From the line with "2015 Chevrolet Express" through the line with "Snapshot of SamyandAllison", repeat the entries verbatim, both end lines included, and add nothing.

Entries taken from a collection
————

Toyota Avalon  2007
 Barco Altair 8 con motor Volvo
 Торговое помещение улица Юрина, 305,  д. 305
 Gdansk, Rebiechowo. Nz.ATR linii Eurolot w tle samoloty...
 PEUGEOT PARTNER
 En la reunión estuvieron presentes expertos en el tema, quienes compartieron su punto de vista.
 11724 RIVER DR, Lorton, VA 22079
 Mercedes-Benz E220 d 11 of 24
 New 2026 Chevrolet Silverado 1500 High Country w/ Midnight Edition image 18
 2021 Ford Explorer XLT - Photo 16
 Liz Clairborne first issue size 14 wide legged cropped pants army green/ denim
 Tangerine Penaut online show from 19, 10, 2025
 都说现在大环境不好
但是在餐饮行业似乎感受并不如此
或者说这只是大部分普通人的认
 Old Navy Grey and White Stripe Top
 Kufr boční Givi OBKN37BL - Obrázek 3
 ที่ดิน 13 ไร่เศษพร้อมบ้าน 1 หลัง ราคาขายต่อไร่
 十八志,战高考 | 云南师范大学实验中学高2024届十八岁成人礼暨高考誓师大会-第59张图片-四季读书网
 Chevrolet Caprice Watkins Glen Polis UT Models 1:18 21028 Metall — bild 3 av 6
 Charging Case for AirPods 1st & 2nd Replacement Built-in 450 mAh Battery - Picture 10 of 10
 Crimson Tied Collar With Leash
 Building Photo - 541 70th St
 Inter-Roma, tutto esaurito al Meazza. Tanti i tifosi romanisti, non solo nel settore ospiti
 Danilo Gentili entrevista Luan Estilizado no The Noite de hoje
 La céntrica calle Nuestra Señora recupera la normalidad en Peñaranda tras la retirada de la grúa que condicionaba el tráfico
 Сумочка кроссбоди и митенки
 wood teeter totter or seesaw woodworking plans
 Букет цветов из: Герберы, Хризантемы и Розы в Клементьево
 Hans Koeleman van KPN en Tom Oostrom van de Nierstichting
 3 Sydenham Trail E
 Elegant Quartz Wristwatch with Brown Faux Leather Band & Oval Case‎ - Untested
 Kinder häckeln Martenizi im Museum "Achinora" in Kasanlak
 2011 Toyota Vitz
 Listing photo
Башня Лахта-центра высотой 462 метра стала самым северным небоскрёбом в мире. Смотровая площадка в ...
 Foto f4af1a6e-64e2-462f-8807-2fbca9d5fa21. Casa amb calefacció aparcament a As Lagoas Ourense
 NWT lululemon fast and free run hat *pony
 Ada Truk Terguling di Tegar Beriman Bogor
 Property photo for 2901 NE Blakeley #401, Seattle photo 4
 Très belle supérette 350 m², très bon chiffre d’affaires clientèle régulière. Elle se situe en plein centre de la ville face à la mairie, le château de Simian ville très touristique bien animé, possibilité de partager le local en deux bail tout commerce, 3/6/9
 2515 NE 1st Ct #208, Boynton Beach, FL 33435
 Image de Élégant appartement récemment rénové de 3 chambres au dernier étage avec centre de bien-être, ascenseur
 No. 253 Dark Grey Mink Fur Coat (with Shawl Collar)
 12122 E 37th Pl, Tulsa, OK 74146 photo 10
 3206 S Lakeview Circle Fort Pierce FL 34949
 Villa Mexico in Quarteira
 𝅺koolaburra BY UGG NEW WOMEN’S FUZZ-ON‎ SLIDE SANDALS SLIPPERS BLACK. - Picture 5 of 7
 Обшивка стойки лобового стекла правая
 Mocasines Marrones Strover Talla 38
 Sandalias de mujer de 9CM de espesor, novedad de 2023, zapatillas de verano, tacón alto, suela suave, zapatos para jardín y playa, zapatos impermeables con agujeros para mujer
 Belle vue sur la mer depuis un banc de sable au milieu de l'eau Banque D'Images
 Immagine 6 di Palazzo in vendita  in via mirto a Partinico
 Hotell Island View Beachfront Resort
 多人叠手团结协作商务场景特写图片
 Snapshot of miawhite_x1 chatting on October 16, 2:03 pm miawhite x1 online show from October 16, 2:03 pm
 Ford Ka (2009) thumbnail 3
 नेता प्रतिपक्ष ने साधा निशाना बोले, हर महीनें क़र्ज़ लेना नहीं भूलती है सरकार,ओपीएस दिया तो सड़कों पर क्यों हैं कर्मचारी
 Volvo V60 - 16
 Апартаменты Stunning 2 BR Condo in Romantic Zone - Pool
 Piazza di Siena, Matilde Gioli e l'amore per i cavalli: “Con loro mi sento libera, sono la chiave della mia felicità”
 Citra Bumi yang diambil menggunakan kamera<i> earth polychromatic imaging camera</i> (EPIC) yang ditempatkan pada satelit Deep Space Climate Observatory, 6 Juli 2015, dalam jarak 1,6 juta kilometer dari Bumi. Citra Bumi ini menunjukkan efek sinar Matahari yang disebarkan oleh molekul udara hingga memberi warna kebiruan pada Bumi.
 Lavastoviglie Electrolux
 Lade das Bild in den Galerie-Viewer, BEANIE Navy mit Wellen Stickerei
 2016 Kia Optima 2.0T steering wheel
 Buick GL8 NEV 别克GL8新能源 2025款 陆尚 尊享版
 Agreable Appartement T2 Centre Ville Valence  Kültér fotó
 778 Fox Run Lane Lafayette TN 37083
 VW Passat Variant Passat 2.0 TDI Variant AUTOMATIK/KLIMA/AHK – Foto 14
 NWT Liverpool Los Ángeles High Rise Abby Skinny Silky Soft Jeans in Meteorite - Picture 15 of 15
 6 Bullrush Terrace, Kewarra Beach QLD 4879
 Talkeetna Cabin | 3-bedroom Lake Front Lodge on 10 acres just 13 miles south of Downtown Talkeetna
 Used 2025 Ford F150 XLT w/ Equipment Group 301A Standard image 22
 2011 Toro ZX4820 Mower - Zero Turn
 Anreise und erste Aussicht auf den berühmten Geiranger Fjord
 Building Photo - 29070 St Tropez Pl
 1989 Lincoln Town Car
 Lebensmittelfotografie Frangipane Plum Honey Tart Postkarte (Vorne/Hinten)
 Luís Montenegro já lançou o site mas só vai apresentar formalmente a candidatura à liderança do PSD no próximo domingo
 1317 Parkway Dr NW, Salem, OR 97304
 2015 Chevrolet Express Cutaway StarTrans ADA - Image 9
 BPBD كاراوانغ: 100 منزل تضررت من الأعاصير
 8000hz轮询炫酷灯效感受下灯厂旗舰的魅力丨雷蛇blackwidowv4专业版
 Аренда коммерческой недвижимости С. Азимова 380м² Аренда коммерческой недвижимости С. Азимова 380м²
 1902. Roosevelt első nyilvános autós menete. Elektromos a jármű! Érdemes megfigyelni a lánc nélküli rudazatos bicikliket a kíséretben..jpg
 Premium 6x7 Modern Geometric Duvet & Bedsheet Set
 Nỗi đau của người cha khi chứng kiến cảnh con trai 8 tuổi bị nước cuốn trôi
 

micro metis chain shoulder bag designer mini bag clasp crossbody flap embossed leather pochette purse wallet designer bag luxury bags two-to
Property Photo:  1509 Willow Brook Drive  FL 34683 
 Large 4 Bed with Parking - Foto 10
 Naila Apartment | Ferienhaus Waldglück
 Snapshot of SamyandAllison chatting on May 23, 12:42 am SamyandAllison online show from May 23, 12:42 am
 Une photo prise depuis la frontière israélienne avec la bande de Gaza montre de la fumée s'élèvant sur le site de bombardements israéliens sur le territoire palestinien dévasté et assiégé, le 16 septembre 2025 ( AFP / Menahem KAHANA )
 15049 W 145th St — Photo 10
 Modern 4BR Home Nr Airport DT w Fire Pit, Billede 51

————

Your solution:
 2015 Chevrolet Express Cutaway StarTrans ADA - Image 9
 BPBD كاراوانغ: 100 منزل تضررت من الأعاصير
 8000hz轮询炫酷灯效感受下灯厂旗舰的魅力丨雷蛇blackwidowv4专业版
 Аренда коммерческой недвижимости С. Азимова 380м² Аренда коммерческой недвижимости С. Азимова 380м²
 1902. Roosevelt első nyilvános autós menete. Elektromos a jármű! Érdemes megfigyelni a lánc nélküli rudazatos bicikliket a kíséretben..jpg
 Premium 6x7 Modern Geometric Duvet & Bedsheet Set
 Nỗi đau của người cha khi chứng kiến cảnh con trai 8 tuổi bị nước cuốn trôi
 

micro metis chain shoulder bag designer mini bag clasp crossbody flap embossed leather pochette purse wallet designer bag luxury bags two-to
Property Photo:  1509 Willow Brook Drive  FL 34683 
 Large 4 Bed with Parking - Foto 10
 Naila Apartment | Ferienhaus Waldglück
 Snapshot of SamyandAllison chatting on May 23, 12:42 am SamyandAllison online show from May 23, 12:42 am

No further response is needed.